Several recent unrelated crimes in Sioux Falls all have one thing in common — they involved teenagers.
From a string of burglaries to a home invasion, it seems there’s been an uptick in teen crime over the past few weeks.
“I think during the summer we do see a little bit more crime that involves teenagers,” said Officer Sam Clemens, Sioux Falls Police Dept.
There have been three recent serious crimes involving teens.
First, an early morning home invasion in July. Police say five teenagers attempted to rob an apartment on South Louise Avenue for drugs and money.
This case, police say, is eerily similar to the 2013 Jordan Lebeau case, which ended in murder.
Just two weeks later, three 17-year-olds were arrested for a string of home burglaries in the McKennan Park neighborhood.
The teens were caught on camera using stolen credit cards at a Sioux Falls Walmart.
Most recently, a 17-year-old was shot in the leg at Dunham Park during a drug robbery. A 16-year-old and 21-year-old have been arrested for the crime.

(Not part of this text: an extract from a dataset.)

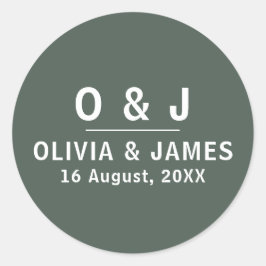 Dark Green | Moss Modern Minimalistisch Scandi Huw Ronde Sticker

In all, nine teenagers have ended up behind bars as a result of the three incidents, and multiple others have been injured.

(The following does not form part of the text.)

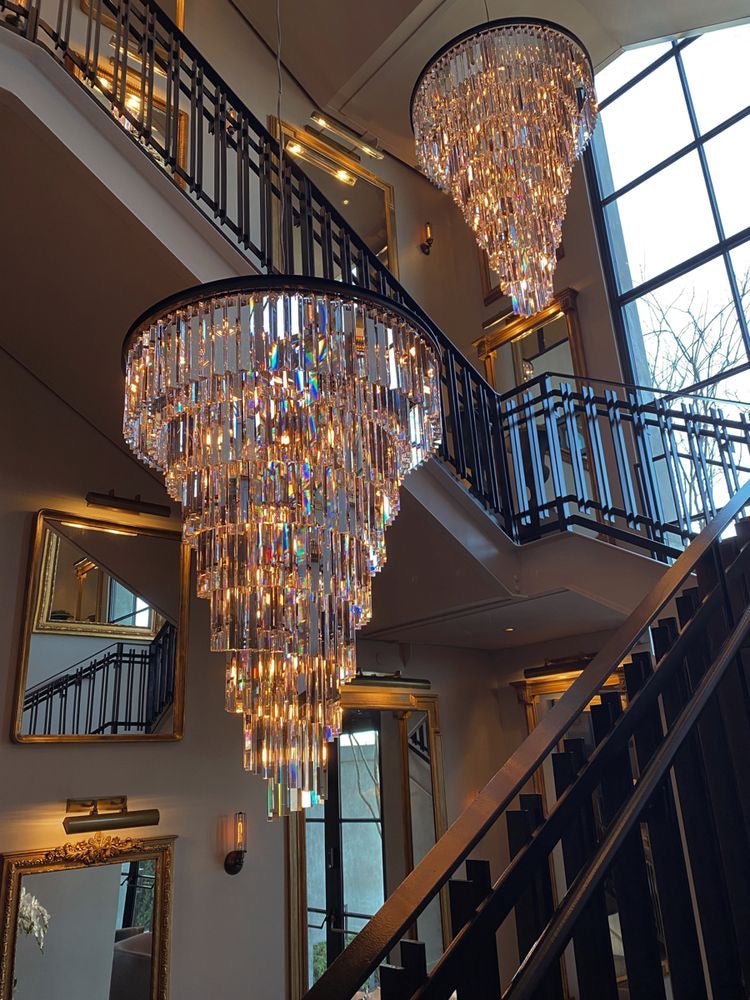 Spiral Tiered Crystal Chandelier in Black Finish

Despite the high volume of teen crime, Clemens doesn’t necessarily think this is a new trend.
“We’re going to see more crime anyway in the summer because more people are out with the nicer weather and we always see an increase with that,” said Clemens.
Clemens says many of the crimes that may have been committed by teenagers are often difficult to solve. That’s when they turn to school resource officers for help.
“They pretty much know all of these kids and can identify them,” said Clemens.
“We deal with criminal activity that will occur within the school or even outside of the school,” said Officer Jon Gannon.
Gannon has worked as a school resource officer at Roosevelt High School for several years.
“We get assigned cases where juveniles have made poor choices and have committed crimes,” said Gannon.
Gannon says he helps detectives solve the crimes that happen both in and out of school.
“We are able to help them out by getting them contact information and even maybe setting up a time to meet with a student,” said Gannon.
For the most part, Gannon deals with the same repeat offenders. But occasionally, there are new faces. And that, says Clemens, is the real problem.
“The bad thing is that there are other kids coming up right behind them that are doing the exact same thing.”
More teen arrests are still expected in the home invasion case.